Dollar Shrugs Off Overvalued U.S. Housing
Economists and currency strategists say that despite escalating housing costs, the U.S. property sector remains stable and poses little risk to inflation. That should give the U.S. economy and the dollar breathing room -- for now.
The dollar stayed on familiar ground against the euro and Japan's yen after data on Wednesday showed mortgage rates rose slightly in the latest week and July U.S. sales of new homes fell to the slowest pace since December. The dollar rose to 110.17 yen, while it dipped against the euro, which traded around $1.2091, still in ranges it's trod since late May.

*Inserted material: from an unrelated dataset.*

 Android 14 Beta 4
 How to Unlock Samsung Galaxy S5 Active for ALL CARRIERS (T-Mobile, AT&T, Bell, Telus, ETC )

Federal Reserve Chairman Alan Greenspan told the Senate Banking Committee, in a letter made public on Tuesday, that U.S. housing prices in some areas have outstripped growth in incomes and rents. Greenspan's statement was included in written responses to questions submitted to Greenspan on July 20 before the Senate Banking Committee.
Greenspan cautioned that, after a period of very low mortgage rates, it was hard to get a clear measure of increases in home prices, but added that "we monitor real estate prices closely in developing our economic outlook."
The Fed's policy-makers raised the fed funds rate to 1.5 percent on Aug. 10 -- its second tightening of credit this summer. On June 30, the Fed raised rates for the first time in four years. Previously, the fed funds rate was 1 percent, its lowest since 1958.